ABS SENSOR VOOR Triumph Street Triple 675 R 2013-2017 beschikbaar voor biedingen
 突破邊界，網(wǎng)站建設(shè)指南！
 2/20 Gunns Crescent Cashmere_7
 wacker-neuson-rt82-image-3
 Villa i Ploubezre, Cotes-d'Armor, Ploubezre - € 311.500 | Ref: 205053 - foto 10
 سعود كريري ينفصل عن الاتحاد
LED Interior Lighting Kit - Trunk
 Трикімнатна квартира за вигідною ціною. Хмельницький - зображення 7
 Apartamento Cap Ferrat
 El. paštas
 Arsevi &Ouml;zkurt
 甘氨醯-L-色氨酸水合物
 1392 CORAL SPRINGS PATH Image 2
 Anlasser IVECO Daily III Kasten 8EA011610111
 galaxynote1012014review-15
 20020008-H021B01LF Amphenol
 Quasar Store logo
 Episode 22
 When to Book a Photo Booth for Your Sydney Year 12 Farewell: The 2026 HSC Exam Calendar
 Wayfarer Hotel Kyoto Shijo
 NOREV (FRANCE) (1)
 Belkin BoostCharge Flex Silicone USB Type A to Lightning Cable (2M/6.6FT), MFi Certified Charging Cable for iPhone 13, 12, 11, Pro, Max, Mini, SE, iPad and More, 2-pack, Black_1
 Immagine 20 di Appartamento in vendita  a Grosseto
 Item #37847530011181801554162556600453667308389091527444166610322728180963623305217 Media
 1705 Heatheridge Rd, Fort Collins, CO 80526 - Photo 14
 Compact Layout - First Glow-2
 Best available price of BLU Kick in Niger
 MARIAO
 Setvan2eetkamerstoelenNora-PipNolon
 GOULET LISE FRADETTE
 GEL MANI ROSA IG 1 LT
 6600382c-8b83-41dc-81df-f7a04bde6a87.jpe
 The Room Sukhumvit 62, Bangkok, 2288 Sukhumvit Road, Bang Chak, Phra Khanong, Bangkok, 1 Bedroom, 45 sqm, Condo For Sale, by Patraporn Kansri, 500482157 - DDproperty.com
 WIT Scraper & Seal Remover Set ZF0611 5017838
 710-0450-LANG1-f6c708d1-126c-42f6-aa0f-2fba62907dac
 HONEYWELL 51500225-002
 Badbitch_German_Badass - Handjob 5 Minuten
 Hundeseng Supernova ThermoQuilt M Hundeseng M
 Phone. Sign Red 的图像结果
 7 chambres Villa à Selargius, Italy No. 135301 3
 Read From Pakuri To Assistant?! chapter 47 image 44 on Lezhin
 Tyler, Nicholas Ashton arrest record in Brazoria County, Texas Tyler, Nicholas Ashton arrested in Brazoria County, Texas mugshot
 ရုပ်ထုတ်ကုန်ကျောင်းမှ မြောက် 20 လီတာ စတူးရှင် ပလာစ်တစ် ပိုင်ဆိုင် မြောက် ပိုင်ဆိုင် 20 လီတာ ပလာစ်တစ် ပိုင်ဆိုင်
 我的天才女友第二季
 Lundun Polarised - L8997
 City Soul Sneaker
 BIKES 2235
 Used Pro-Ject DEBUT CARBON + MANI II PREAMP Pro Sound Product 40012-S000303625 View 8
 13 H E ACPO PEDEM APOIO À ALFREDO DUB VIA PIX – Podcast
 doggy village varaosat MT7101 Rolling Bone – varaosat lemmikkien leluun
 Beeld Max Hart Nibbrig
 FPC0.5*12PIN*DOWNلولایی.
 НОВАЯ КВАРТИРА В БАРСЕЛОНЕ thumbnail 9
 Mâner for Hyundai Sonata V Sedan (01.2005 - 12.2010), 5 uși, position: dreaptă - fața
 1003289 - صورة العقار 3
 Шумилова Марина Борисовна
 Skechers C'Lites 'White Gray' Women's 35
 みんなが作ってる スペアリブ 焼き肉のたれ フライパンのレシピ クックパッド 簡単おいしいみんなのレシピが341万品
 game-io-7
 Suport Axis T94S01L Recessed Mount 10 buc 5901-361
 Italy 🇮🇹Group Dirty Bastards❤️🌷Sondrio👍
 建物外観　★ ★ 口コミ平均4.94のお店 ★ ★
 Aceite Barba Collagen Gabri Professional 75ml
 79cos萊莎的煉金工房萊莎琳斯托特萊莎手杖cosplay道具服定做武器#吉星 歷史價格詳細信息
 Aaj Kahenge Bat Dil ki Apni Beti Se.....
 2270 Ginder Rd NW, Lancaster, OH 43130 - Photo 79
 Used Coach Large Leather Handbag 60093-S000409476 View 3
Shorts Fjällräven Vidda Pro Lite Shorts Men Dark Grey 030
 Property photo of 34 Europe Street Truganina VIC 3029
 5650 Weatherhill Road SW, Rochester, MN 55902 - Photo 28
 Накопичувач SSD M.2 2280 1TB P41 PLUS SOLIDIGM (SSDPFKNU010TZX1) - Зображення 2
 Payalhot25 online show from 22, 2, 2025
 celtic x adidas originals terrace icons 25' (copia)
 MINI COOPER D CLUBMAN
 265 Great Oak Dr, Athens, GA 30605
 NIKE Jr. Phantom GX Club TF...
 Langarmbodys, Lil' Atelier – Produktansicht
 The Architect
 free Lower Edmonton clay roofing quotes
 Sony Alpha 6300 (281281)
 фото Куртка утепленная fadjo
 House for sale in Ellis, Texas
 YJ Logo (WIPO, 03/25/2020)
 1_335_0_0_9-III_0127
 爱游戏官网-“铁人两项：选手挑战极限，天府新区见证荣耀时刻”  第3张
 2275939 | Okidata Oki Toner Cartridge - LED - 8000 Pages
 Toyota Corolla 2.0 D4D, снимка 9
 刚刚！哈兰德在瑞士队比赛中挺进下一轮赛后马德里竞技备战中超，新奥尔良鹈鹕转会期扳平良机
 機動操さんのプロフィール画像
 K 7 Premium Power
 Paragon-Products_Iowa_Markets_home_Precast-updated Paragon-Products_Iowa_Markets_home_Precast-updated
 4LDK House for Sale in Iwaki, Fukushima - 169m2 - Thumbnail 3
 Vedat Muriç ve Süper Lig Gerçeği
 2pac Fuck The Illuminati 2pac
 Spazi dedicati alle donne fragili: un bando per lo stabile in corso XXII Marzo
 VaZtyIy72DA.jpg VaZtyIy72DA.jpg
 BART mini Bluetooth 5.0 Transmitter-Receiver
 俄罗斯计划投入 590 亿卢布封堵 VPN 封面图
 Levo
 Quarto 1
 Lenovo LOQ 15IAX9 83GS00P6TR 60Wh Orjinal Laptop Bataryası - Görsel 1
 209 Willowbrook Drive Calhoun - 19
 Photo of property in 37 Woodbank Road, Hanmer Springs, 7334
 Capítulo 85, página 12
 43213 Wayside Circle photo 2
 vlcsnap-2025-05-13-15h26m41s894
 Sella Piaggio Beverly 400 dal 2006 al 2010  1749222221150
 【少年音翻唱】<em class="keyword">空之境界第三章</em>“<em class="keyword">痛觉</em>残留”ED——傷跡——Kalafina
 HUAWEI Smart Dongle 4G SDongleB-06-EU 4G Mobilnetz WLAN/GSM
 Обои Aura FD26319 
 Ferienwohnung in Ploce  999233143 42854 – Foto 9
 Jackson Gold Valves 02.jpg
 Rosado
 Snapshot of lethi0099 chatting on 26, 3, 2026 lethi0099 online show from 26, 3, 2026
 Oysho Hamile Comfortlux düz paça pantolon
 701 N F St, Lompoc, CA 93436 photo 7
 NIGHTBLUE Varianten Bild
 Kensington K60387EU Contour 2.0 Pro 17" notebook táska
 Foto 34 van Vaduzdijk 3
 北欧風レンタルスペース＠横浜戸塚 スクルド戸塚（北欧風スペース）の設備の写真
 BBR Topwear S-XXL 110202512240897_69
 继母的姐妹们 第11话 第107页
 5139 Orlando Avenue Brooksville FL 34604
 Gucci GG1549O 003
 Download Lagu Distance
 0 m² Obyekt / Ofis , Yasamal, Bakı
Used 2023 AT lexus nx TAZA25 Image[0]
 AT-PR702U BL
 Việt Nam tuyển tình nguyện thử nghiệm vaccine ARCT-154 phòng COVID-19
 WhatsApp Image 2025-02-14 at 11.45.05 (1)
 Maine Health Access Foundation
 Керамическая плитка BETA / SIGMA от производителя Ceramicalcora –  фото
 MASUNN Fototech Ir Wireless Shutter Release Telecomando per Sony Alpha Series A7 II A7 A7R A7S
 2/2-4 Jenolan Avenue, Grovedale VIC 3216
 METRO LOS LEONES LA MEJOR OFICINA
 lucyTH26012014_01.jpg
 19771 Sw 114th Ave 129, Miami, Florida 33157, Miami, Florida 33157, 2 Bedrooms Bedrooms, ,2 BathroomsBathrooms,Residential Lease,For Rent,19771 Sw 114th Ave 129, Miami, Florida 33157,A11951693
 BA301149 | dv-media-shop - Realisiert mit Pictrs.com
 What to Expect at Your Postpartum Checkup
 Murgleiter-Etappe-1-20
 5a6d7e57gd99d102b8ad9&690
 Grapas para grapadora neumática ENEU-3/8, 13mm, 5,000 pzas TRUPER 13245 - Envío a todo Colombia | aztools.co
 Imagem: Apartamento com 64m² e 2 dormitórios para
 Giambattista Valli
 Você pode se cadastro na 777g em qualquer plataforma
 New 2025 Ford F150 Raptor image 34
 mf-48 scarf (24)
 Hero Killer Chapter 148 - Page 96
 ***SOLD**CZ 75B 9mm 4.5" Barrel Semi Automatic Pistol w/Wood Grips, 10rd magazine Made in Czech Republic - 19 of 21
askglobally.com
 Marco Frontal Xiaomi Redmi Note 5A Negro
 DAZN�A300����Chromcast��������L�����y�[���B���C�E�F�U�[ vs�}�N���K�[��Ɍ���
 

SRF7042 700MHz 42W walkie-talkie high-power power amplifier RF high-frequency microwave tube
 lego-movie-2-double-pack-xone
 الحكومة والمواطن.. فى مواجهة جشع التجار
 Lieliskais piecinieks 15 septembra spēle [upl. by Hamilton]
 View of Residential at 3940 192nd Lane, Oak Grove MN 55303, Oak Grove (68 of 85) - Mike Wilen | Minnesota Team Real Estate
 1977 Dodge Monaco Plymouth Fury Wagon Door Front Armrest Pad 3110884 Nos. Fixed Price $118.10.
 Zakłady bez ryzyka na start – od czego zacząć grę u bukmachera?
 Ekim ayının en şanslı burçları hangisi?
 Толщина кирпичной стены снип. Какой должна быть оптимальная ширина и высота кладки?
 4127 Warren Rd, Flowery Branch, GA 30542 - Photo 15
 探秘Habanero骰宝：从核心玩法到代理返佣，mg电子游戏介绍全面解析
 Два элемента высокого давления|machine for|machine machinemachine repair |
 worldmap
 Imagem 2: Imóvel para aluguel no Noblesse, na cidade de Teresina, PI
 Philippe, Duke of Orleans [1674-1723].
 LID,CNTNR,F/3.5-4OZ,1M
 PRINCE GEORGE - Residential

▸ Problem statement
From the entries above, extract each line containing "Residential".

▸ Response
 19771 Sw 114th Ave 129, Miami, Florida 33157, Miami, Florida 33157, 2 Bedrooms Bedrooms, ,2 BathroomsBathrooms,Residential Lease,For Rent,19771 Sw 114th Ave 129, Miami, Florida 33157,A11951693
 View of Residential at 3940 192nd Lane, Oak Grove MN 55303, Oak Grove (68 of 85) - Mike Wilen | Minnesota Team Real Estate
 PRINCE GEORGE - Residential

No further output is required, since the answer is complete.